Work to complete -
What is needed is an exact copy of the data below, pictures excluded.
[Collected data]
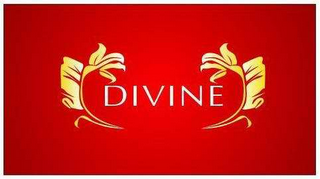 DIVINE logo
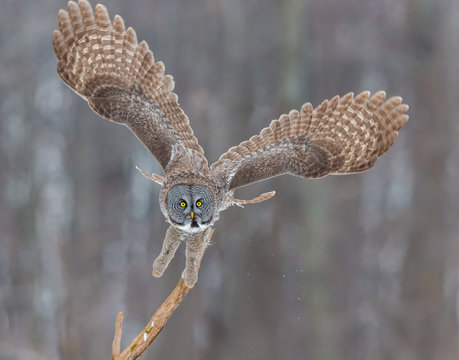 The great grey owl or great gray is a very large bird, documented as the world's largest species of owl by length. Here it is seen searching for prey in Quebec's harsh winter.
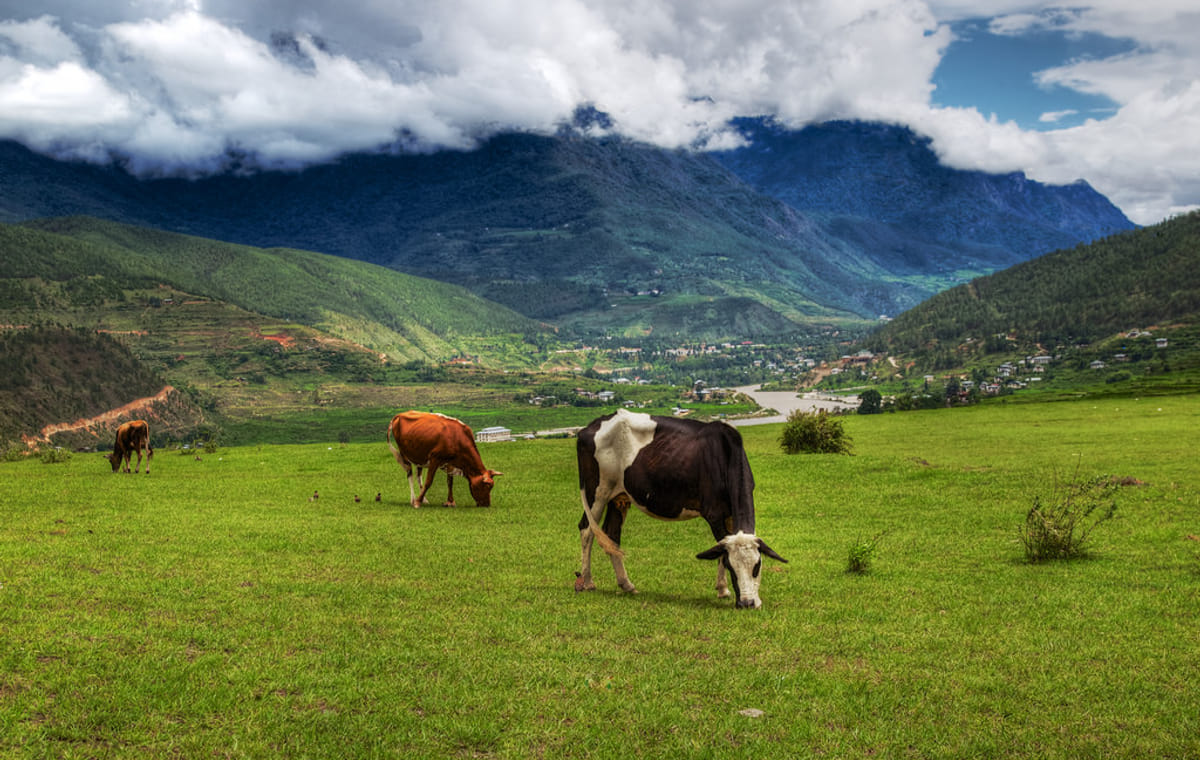 Magical Nepal Bhutan Tour – 15 Days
[/Collected data]
Answer for this exercise -
 DIVINE logo
 The great grey owl or great gray is a very large bird, documented as the world's largest species of owl by length. Here it is seen searching for prey in Quebec's harsh winter.
 Magical Nepal Bhutan Tour – 15 Days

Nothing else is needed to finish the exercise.